→ **Problem to work on**: When a line in the material contains the word "with", copy it.

→ **Source data**:
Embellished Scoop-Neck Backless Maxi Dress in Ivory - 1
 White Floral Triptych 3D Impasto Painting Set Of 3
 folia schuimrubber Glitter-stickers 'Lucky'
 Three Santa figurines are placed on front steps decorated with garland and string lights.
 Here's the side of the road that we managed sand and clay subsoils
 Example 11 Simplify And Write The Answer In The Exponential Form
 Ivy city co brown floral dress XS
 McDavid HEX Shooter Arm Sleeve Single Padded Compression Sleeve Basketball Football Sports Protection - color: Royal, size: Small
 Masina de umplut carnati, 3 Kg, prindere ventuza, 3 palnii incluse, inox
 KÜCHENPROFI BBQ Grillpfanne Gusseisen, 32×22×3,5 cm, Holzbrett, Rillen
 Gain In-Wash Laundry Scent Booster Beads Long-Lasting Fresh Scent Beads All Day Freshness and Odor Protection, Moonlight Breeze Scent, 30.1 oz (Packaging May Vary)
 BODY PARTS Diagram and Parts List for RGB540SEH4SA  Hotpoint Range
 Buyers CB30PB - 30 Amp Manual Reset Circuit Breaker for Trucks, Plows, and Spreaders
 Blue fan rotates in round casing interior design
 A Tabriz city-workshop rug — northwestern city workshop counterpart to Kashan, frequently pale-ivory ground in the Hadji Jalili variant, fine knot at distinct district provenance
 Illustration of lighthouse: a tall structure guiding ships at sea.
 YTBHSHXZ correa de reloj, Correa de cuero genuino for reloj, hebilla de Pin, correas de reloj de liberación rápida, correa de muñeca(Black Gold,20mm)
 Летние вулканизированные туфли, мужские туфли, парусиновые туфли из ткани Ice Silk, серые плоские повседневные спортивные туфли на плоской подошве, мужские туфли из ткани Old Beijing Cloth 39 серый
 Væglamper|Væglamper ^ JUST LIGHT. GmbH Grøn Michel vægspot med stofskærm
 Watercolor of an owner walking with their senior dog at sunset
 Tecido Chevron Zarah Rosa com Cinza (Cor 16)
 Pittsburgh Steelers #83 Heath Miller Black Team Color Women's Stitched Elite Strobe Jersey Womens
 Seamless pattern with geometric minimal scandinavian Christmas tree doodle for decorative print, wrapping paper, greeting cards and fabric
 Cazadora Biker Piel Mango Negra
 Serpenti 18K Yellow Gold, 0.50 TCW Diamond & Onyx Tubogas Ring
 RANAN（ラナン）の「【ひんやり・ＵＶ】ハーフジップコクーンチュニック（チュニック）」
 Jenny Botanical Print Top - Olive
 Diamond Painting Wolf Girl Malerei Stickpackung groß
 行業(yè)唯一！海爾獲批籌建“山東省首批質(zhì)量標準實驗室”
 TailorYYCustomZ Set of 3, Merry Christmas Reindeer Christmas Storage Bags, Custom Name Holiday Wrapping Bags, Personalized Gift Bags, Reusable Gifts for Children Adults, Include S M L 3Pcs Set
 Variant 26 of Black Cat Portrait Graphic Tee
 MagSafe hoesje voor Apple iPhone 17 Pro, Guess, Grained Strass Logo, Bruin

→ **Exercise answer**:
 Three Santa figurines are placed on front steps decorated with garland and string lights.
 Watercolor of an owner walking with their senior dog at sunset
 Seamless pattern with geometric minimal scandinavian Christmas tree doodle for decorative print, wrapping paper, greeting cards and fabric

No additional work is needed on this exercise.